People: The Greatest Risk… and the Greatest Safeguard

We’ve all heard the statement, “our people are our greatest asset.” It’s widely used, well-intentioned, and in many ways, absolutely true.

But it’s only half the story.

Because people are also one of the greatest sources of risk within an organisation.

Not typically through malicious intent, which is far less common than many assume, but through the realities of being human—operating under pressure, navigating competing priorities, making judgement calls with incomplete information, and working within systems that don’t always align with how work actually gets done.

The same person who can miss a step, take a shortcut, or make a decision that introduces risk… is also the one most likely to notice something early, question an assumption, or prevent an issue from escalating—if they feel able, safe, and supported to do so.

And this is where the paradox sits.

Because many organisations respond to risk by increasing control—introducing more processes, more oversight, and more structure, all in an effort to reduce exposure.

However, when control is introduced without fully appreciating the environment people are operating in, something begins to shift.

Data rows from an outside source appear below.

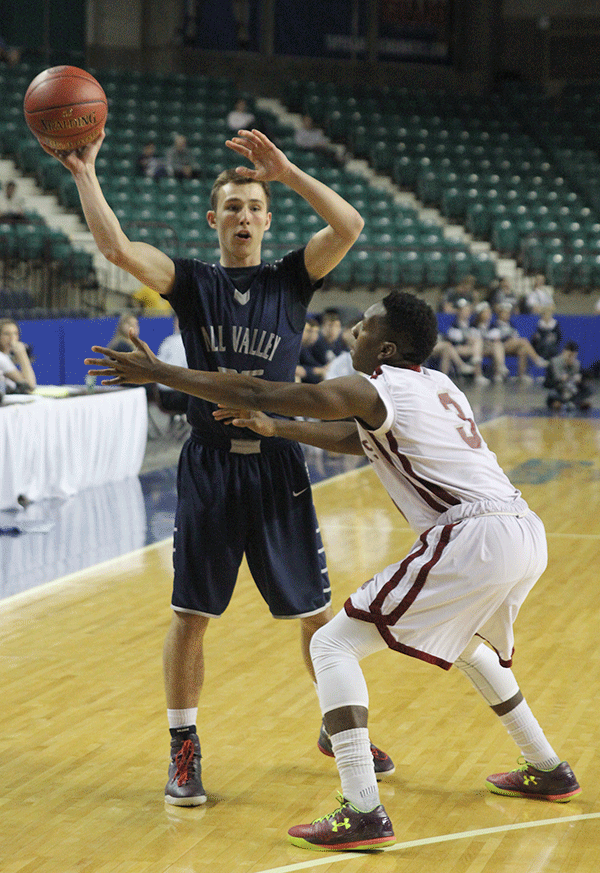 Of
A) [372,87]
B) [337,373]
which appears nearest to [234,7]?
[372,87]

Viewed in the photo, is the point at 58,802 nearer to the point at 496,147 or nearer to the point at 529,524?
the point at 529,524

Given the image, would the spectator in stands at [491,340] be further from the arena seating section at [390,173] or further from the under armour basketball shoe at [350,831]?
the under armour basketball shoe at [350,831]

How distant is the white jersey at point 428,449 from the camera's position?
10.3 ft

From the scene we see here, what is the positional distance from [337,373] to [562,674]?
20.7ft

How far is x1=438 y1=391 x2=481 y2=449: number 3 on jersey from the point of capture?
323 cm

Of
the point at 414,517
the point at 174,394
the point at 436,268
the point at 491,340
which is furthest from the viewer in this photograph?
the point at 436,268

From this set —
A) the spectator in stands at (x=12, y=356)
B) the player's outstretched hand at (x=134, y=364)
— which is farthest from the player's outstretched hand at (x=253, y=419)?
the spectator in stands at (x=12, y=356)

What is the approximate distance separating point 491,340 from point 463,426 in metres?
14.7

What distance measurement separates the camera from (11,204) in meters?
15.7

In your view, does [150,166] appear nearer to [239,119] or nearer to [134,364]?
[239,119]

The very awareness, ownership, and judgement that organisations rely on from their people can begin to diminish—not because people are incapable, but because the environment no longer supports those behaviours in the same way.

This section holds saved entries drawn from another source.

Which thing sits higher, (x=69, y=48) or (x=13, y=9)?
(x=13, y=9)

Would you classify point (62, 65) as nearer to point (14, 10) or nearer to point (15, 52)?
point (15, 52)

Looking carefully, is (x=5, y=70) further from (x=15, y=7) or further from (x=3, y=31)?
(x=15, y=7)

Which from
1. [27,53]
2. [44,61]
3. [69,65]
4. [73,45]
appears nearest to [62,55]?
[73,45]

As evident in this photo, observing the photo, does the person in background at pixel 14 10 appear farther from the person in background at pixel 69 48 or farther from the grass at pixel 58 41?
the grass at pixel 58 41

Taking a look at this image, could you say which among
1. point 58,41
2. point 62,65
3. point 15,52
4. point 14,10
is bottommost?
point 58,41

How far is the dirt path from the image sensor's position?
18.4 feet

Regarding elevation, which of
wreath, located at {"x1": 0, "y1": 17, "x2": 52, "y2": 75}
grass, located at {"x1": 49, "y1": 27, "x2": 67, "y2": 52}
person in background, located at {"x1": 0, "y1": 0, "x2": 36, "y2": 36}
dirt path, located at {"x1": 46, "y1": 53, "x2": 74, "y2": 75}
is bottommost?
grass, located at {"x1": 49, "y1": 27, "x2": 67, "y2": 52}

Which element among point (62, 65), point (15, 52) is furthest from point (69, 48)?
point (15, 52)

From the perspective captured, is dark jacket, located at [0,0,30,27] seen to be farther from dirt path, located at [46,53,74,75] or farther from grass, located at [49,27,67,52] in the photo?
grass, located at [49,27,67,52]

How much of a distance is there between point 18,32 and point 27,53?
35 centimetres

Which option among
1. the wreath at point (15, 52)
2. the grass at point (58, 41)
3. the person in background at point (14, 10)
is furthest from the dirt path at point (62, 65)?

When people feel constrained, disconnected, or unclear, they don’t always step forward with insight or challenge—they adjust, defer, step back, or work around what’s in front of them.

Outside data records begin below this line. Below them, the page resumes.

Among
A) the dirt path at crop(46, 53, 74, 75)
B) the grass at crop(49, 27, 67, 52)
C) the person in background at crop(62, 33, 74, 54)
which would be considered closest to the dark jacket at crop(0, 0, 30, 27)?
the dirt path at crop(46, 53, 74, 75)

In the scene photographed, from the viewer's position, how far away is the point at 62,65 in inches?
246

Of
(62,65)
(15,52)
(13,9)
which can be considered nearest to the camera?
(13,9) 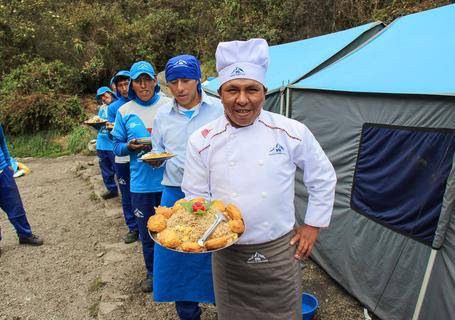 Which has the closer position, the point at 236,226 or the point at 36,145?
the point at 236,226

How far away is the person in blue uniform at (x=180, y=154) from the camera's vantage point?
2.54 meters

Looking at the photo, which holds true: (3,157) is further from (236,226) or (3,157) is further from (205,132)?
(236,226)

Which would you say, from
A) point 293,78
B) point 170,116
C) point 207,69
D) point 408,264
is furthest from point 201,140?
point 207,69

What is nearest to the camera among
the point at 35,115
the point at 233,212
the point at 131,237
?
the point at 233,212

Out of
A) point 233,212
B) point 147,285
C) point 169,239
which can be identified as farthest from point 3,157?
point 233,212

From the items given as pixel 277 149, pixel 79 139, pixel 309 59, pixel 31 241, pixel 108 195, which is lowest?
pixel 79 139

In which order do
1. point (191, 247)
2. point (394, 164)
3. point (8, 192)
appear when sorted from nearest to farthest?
point (191, 247) < point (394, 164) < point (8, 192)

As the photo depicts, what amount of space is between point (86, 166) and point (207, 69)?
6.51 m

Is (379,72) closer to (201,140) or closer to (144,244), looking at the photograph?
(201,140)

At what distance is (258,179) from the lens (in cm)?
177

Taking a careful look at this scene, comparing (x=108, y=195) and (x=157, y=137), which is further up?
(x=157, y=137)

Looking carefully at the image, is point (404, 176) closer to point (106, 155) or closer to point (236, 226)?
point (236, 226)

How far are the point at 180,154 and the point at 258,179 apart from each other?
0.97 metres

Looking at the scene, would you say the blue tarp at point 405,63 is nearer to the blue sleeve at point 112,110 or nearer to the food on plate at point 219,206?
the food on plate at point 219,206
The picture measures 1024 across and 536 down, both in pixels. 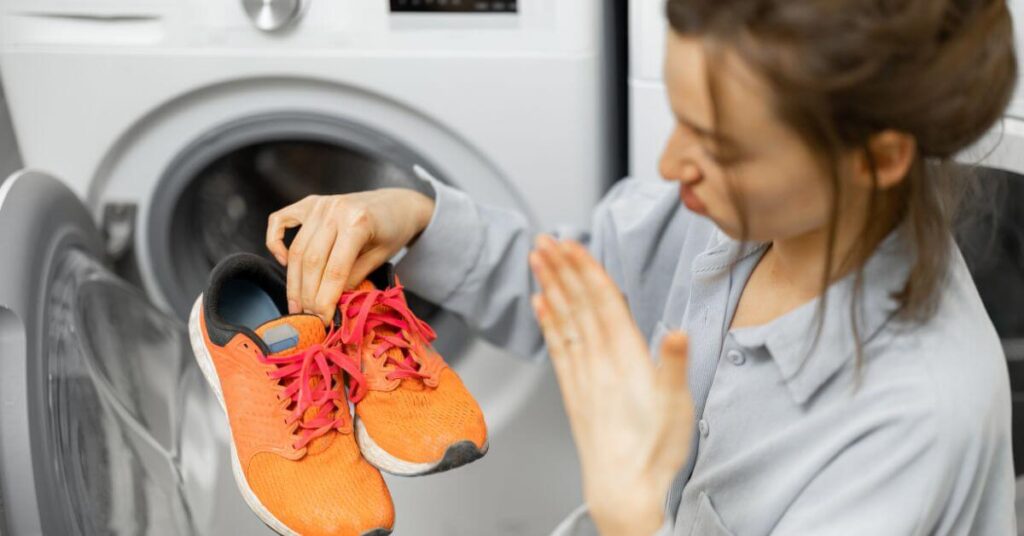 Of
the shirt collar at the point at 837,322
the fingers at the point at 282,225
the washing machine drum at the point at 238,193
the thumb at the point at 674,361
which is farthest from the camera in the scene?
the washing machine drum at the point at 238,193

And when that happens, the signals organisations most need to see become harder to detect.

Purpose and Protection: When Alignment Starts to Drift

There is another paradox that tends to emerge more subtly—but carries just as much impact.

It often evolves within organisations—particularly those created with a strong sense of purpose, including many non-for-profits.

In the early stages, that purpose is clear and strongly felt. It sits at the heart of why people show up each day. It shapes decisions, guides behaviour, and creates a shared sense of direction that people can genuinely connect to.

Then, as the organisation expands, complexity increases.

With that complexity comes greater exposure, and with greater exposure comes the need for stronger governance, risk management, and compliance structures.

This is both necessary and expected.

However, what often shifts—sometimes subtly—is the lens through which decisions are made.

Risk and compliance functions, influenced by regulatory requirements, accountability pressures, and potential consequences, can begin to operate with a focus that is not always deeply anchored in the organisation’s original purpose. Over time, this can start to pull the organisation slightly off centre—away from its North Star.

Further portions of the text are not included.